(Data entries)

━━━━━━━━

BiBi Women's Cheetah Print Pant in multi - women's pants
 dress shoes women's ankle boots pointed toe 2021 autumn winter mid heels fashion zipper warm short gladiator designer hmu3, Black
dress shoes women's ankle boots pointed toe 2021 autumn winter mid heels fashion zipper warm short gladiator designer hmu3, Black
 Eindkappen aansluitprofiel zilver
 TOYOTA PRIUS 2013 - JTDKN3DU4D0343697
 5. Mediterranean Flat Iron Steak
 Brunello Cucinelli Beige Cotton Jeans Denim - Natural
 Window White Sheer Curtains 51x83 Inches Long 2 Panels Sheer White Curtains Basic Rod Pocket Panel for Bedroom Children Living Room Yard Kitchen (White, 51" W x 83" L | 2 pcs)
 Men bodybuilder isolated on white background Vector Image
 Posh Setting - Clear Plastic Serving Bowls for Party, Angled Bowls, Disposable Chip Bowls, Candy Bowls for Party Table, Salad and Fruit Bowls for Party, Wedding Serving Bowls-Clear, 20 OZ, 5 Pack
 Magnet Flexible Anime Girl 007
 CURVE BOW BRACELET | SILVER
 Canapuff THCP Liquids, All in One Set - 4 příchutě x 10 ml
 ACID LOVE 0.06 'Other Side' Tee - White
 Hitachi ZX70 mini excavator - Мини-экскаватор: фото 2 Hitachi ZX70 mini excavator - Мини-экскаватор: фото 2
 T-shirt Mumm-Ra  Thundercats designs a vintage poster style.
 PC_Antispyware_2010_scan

━━━━━━━━

PROBLEM >> Repeat the data in full. Nothing may be dropped or altered.

PROBLEM SOLUTION >>
BiBi Women's Cheetah Print Pant in multi - women's pants
 dress shoes women's ankle boots pointed toe 2021 autumn winter mid heels fashion zipper warm short gladiator designer hmu3, Black
dress shoes women's ankle boots pointed toe 2021 autumn winter mid heels fashion zipper warm short gladiator designer hmu3, Black
 Eindkappen aansluitprofiel zilver
 TOYOTA PRIUS 2013 - JTDKN3DU4D0343697
 5. Mediterranean Flat Iron Steak
 Brunello Cucinelli Beige Cotton Jeans Denim - Natural
 Window White Sheer Curtains 51x83 Inches Long 2 Panels Sheer White Curtains Basic Rod Pocket Panel for Bedroom Children Living Room Yard Kitchen (White, 51" W x 83" L | 2 pcs)
 Men bodybuilder isolated on white background Vector Image
 Posh Setting - Clear Plastic Serving Bowls for Party, Angled Bowls, Disposable Chip Bowls, Candy Bowls for Party Table, Salad and Fruit Bowls for Party, Wedding Serving Bowls-Clear, 20 OZ, 5 Pack
 Magnet Flexible Anime Girl 007
 CURVE BOW BRACELET | SILVER
 Canapuff THCP Liquids, All in One Set - 4 příchutě x 10 ml
 ACID LOVE 0.06 'Other Side' Tee - White
 Hitachi ZX70 mini excavator - Мини-экскаватор: фото 2 Hitachi ZX70 mini excavator - Мини-экскаватор: фото 2
 T-shirt Mumm-Ra  Thundercats designs a vintage poster style.
 PC_Antispyware_2010_scan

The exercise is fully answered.